1) The Embedding model receives a single paragraph of text as input and takes the hidden state vector corresponding to the "EOS" tag in the last layer of the model as the semantic representation of the input text;

2) The Reranker model receives text pairs (such as user queries and candidate documents) as input, uses a single-tower structure to calculate and output the relevance score of the two texts.

Model Training

The training of the Qwen3-Embedding series models inherits the multi-stage training paradigm of the GTE-Qwen series, but is deeply optimized for specific application scenarios.

In the training process of the Embedding model, we adopt a three-stage training architecture: the first stage is to conduct comparative learning pre-training through ultra-large-scale weakly supervised data; the second stage is to conduct supervised training based on high-quality labeled data; and finally, multiple candidate models are fused through the model fusion strategy to improve the overall performance. This staged training mechanism effectively balances the generalization ability and task adaptability of the model.

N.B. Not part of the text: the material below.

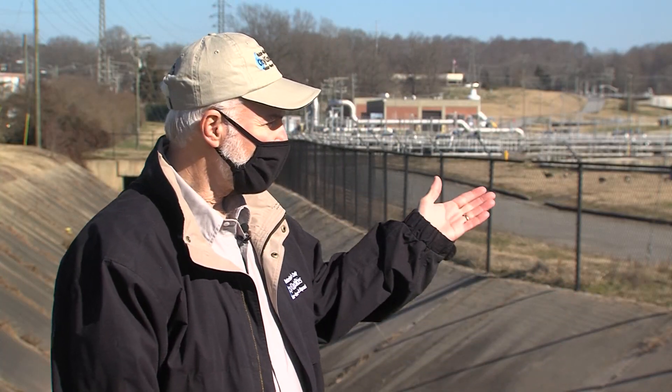Greetings and welcome to the Archie-Elledge Wastewater Treatment Plant operated by the Utilities Division of the City of Winston-Salem, North Carolina. I'm Bob McMannan, a senior plant operator here at the Elledge Wastewater Treatment Plant, and I'd like to show you around, so come on let's go look.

In the training of the Reranker model, based on the experimental verification results, we directly use high-quality annotated data for supervised training to improve training efficiency. It is particularly important to note that in the first phase of weakly supervised training of the Embedding model, we built a multi-task adaptive Prompt system. Using the text generation capabilities of the Qwen3 basic model, we dynamically generated a series of weakly supervised text pairs for different task types and language characteristics, breaking through the limitations of traditional methods that rely on community forums or open source data screening to obtain weakly supervised text pairs, and achieving efficient generation of large-scale weakly supervised data.

Future Development

The Qwen3-Embedding series of models is a new starting point. Relying on the continuous optimization of the Qwen basic model, we will continue to improve the training efficiency of text representation and sorting models to enhance the deployment performance of the models in actual scenarios.

In addition, we also plan to expand the multimodal representation system and build cross-modal semantic understanding capabilities. We expect more developers to explore a wider range of application scenarios based on the Qwen3-Embedding series and promote the in-depth application of the model in different business scenarios.